About this task:
Each line below must be reproduced exactly as it stands. Pictures stay out of the copy.

Collected data entries:
━━━━━━━━━━━━━━━━━━━━━━━━━━━━━━

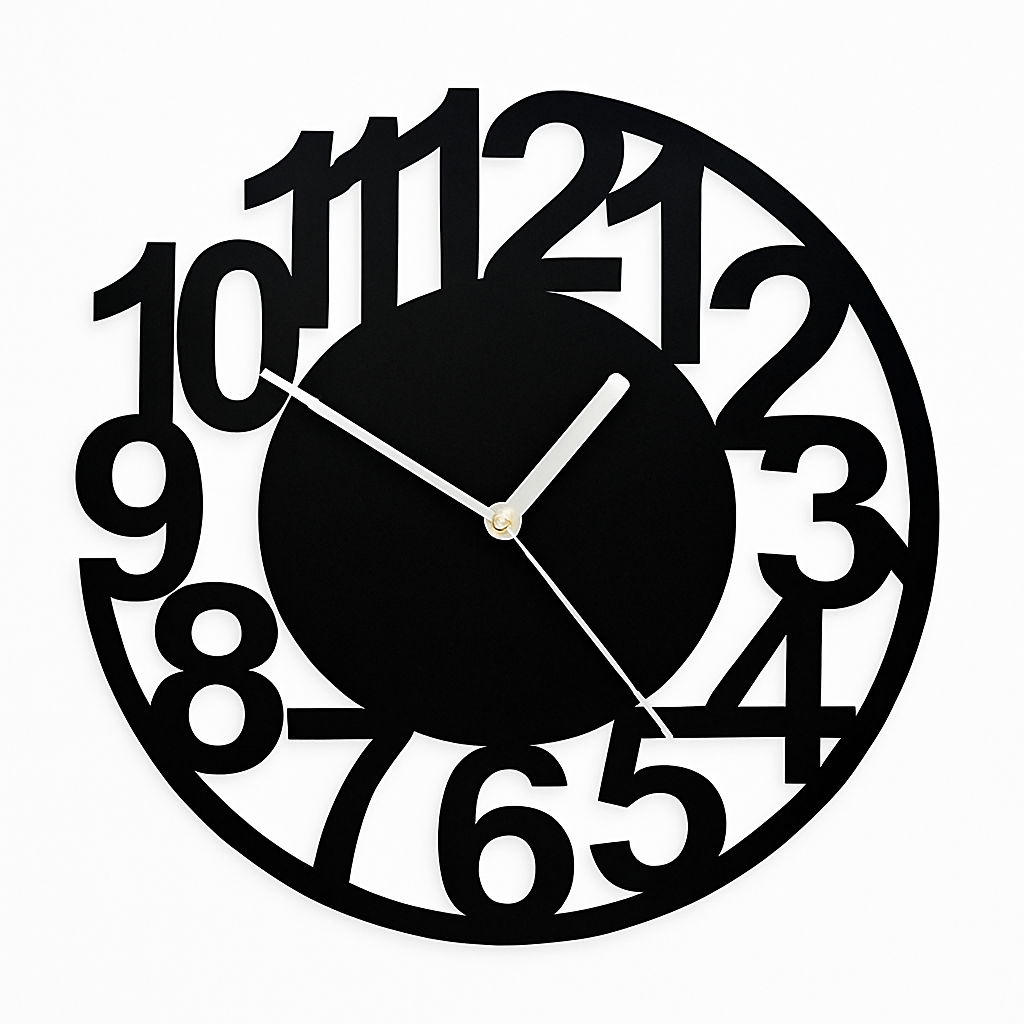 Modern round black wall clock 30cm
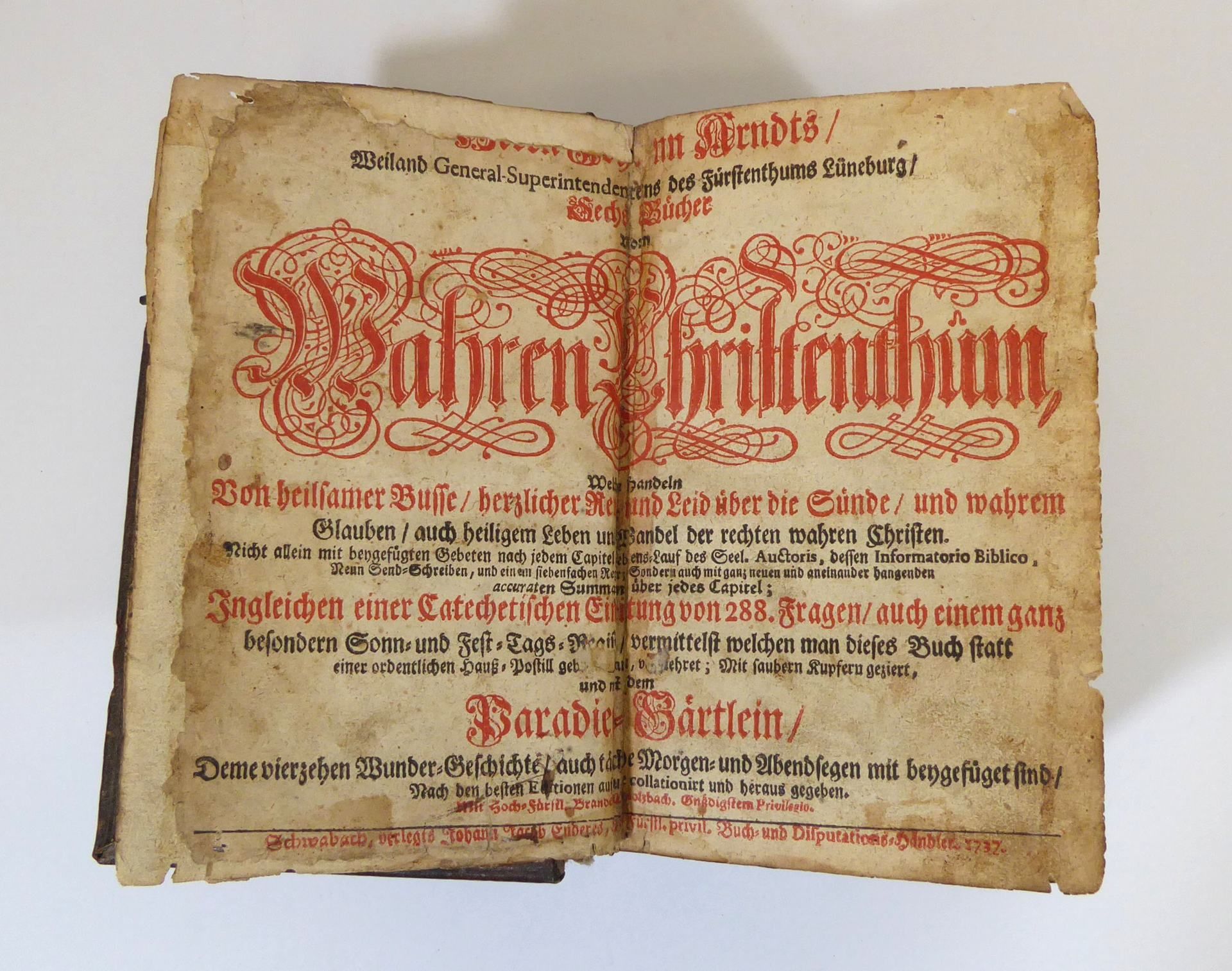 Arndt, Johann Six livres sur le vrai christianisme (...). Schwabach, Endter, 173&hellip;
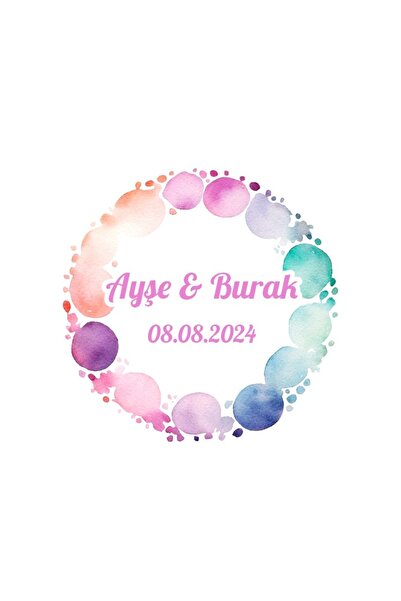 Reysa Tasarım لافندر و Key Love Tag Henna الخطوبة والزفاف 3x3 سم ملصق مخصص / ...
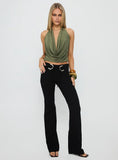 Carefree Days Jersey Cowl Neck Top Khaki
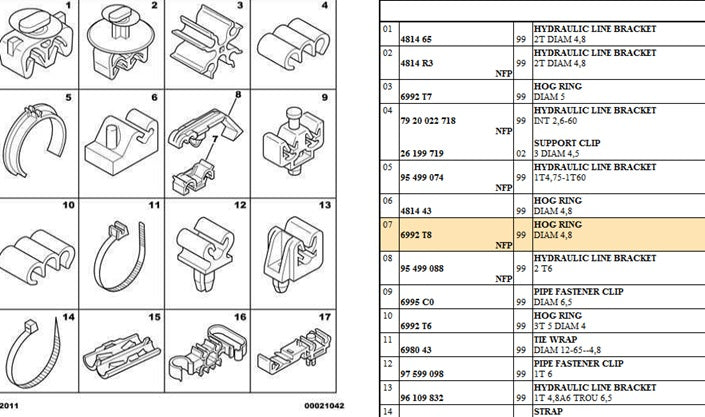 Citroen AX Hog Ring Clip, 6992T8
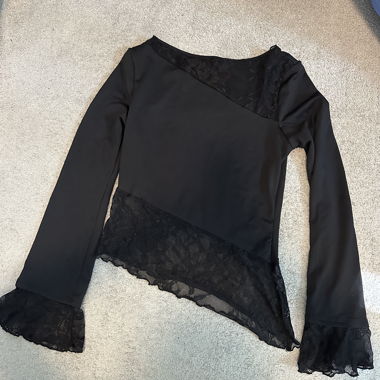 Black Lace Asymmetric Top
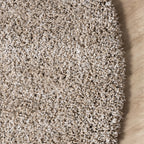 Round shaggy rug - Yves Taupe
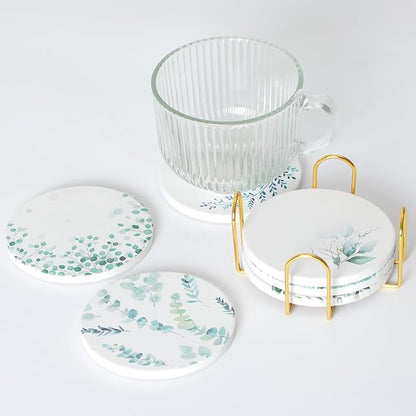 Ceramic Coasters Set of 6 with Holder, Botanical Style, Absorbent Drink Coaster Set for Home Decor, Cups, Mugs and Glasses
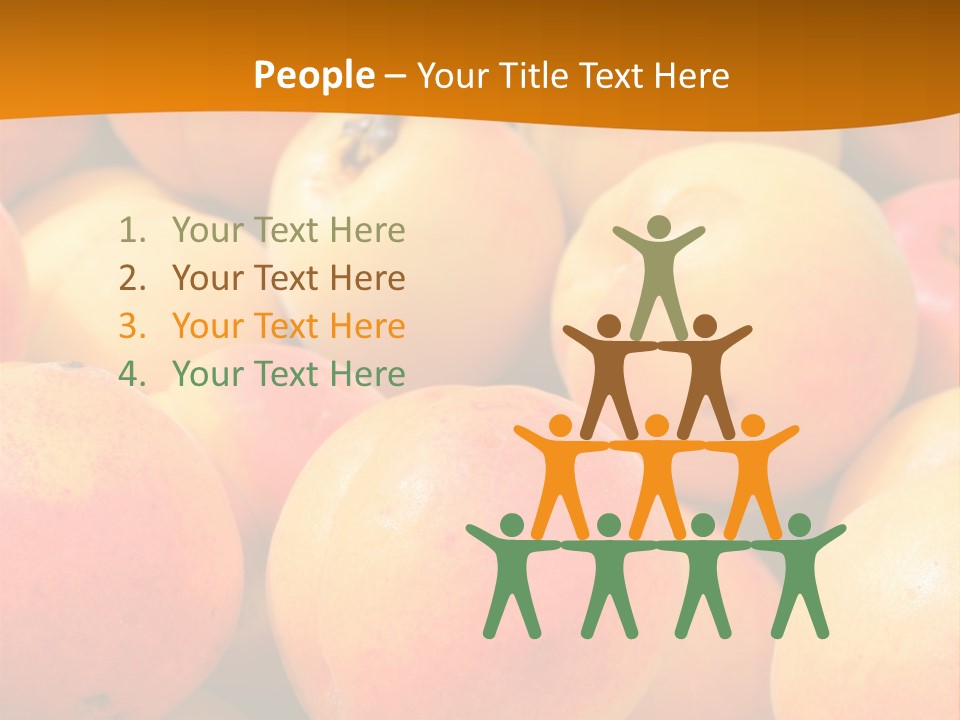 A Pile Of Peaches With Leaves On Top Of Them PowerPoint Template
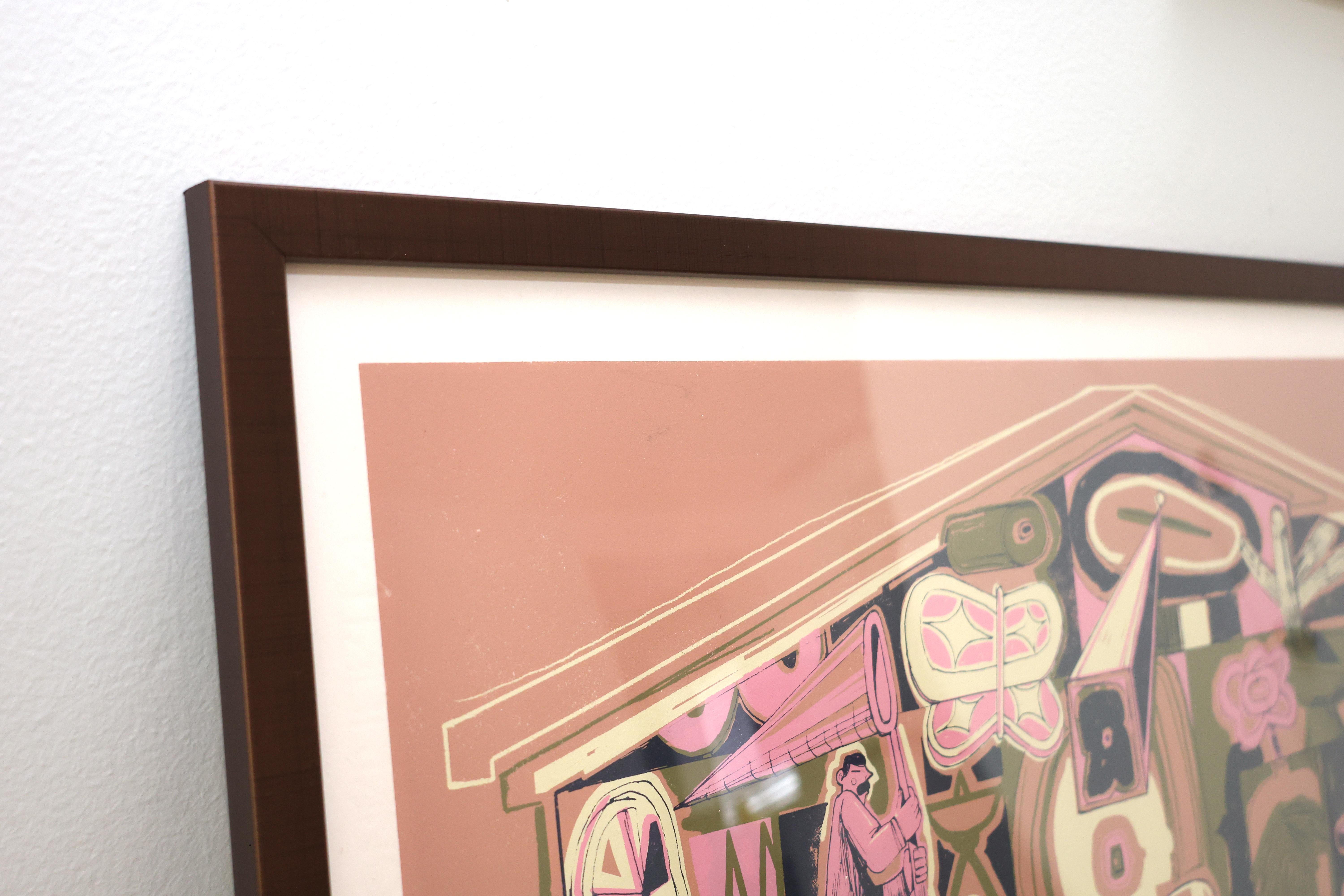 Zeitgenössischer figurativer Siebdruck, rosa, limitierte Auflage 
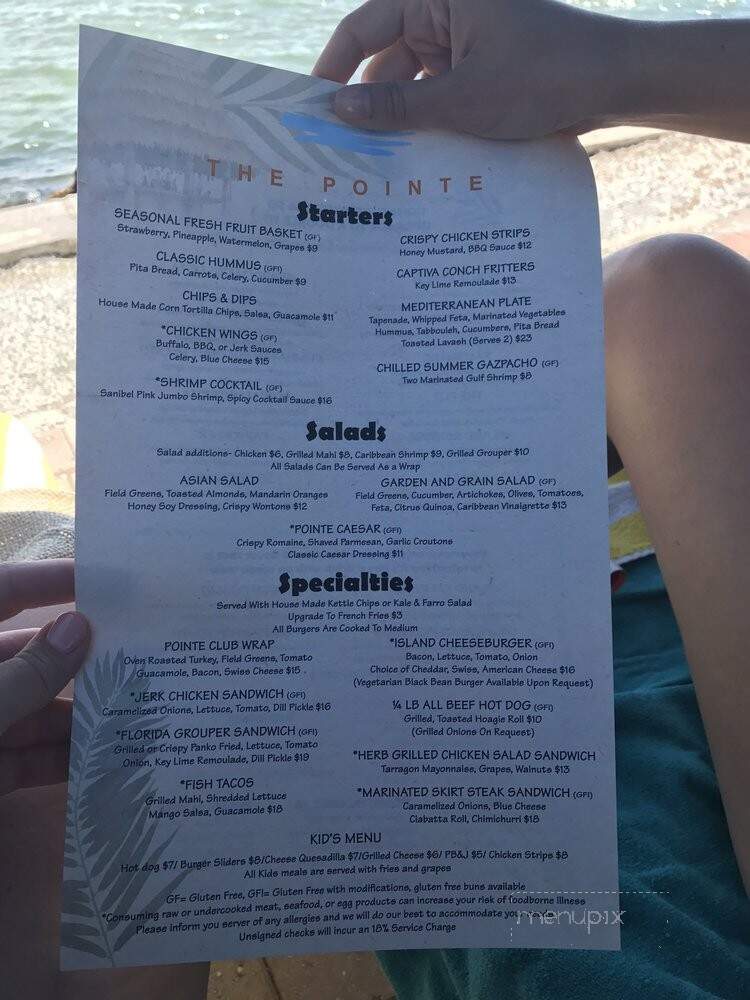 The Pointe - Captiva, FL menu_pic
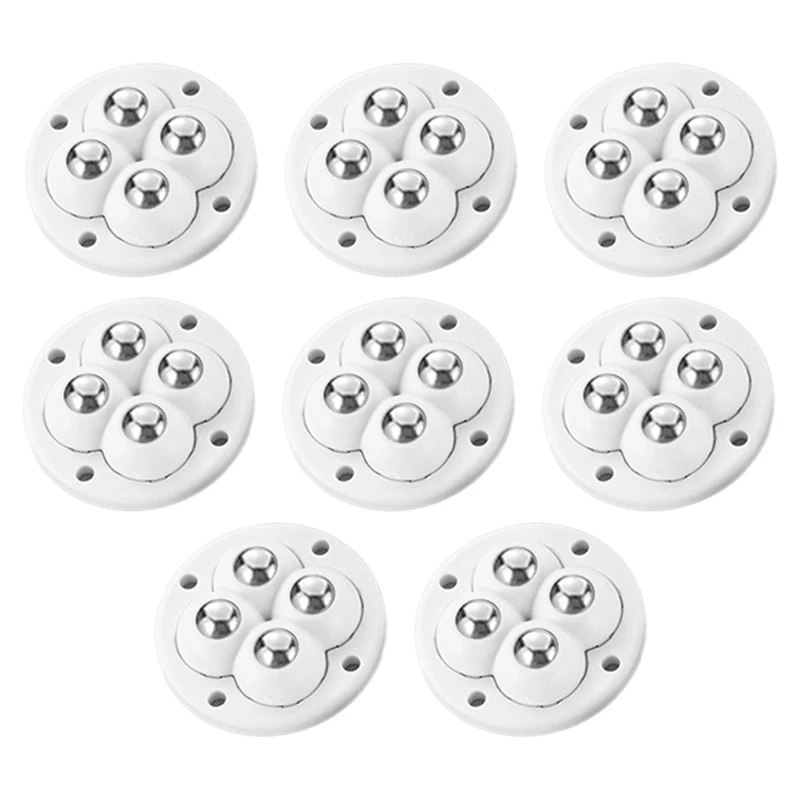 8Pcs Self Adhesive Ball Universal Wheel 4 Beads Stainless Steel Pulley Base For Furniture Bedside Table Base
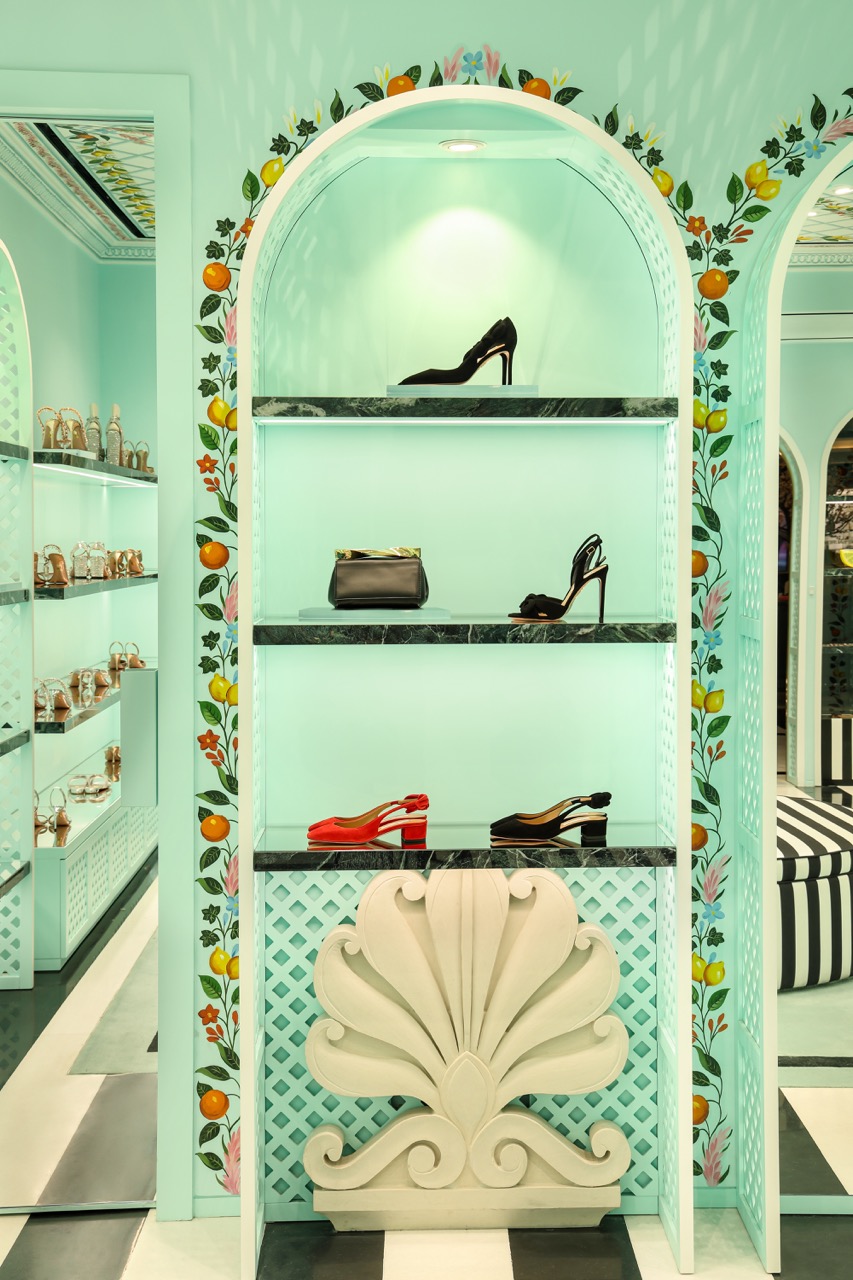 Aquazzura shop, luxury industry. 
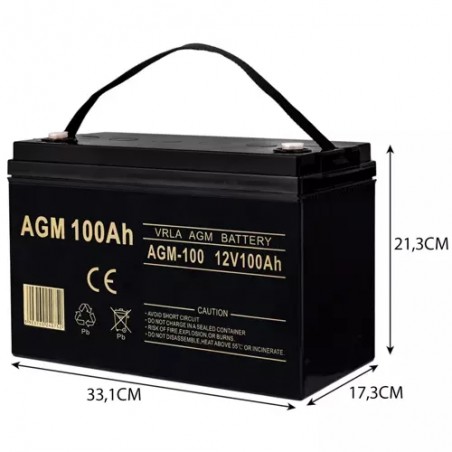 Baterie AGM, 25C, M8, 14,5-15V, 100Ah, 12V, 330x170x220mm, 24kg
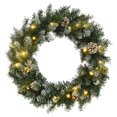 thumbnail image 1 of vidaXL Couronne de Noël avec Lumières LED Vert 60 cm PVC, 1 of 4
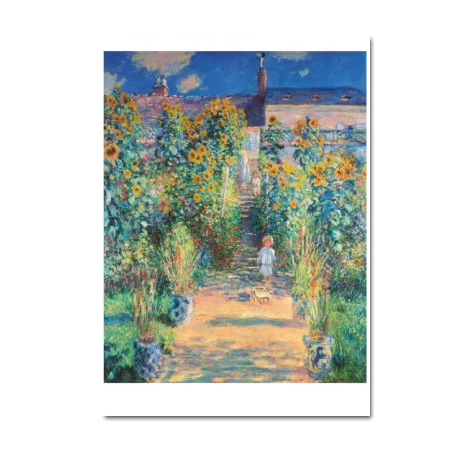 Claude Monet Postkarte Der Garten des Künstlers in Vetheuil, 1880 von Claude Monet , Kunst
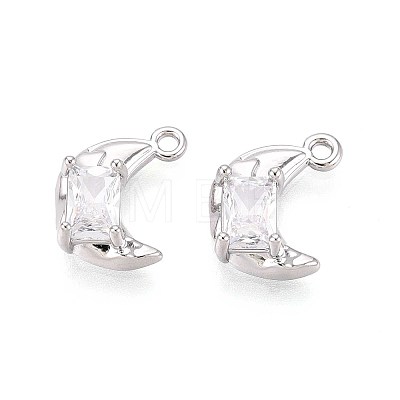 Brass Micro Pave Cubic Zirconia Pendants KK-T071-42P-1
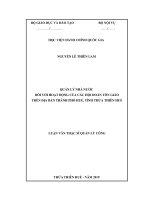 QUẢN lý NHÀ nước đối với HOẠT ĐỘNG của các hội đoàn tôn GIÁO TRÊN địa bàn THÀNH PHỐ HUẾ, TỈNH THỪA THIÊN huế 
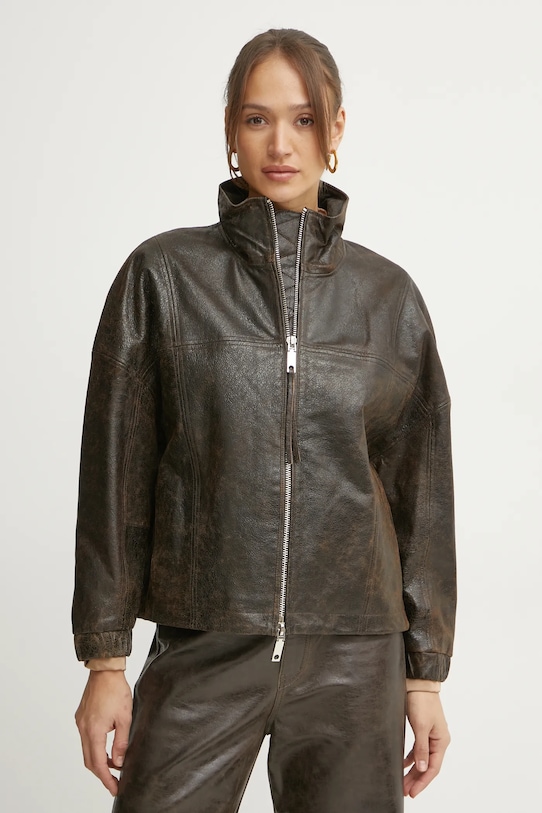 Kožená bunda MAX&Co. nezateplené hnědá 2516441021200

━━━━━━━━━━━━━━━━━━━━━━━━━━━━━━

Response:
 Modern round black wall clock 30cm
 Arndt, Johann Six livres sur le vrai christianisme (...). Schwabach, Endter, 173&hellip;
 Reysa Tasarım لافندر و Key Love Tag Henna الخطوبة والزفاف 3x3 سم ملصق مخصص / ...
 Carefree Days Jersey Cowl Neck Top Khaki
 Citroen AX Hog Ring Clip, 6992T8
 Black Lace Asymmetric Top
 Round shaggy rug - Yves Taupe
 Ceramic Coasters Set of 6 with Holder, Botanical Style, Absorbent Drink Coaster Set for Home Decor, Cups, Mugs and Glasses
 A Pile Of Peaches With Leaves On Top Of Them PowerPoint Template
 Zeitgenössischer figurativer Siebdruck, rosa, limitierte Auflage 
 The Pointe - Captiva, FL menu_pic
 8Pcs Self Adhesive Ball Universal Wheel 4 Beads Stainless Steel Pulley Base For Furniture Bedside Table Base
 Aquazzura shop, luxury industry. 
 Baterie AGM, 25C, M8, 14,5-15V, 100Ah, 12V, 330x170x220mm, 24kg
 thumbnail image 1 of vidaXL Couronne de Noël avec Lumières LED Vert 60 cm PVC, 1 of 4
 Claude Monet Postkarte Der Garten des Künstlers in Vetheuil, 1880 von Claude Monet , Kunst
 Brass Micro Pave Cubic Zirconia Pendants KK-T071-42P-1
 QUẢN lý NHÀ nước đối với HOẠT ĐỘNG của các hội đoàn tôn GIÁO TRÊN địa bàn THÀNH PHỐ HUẾ, TỈNH THỪA THIÊN huế 
 Kožená bunda MAX&Co. nezateplené hnědá 2516441021200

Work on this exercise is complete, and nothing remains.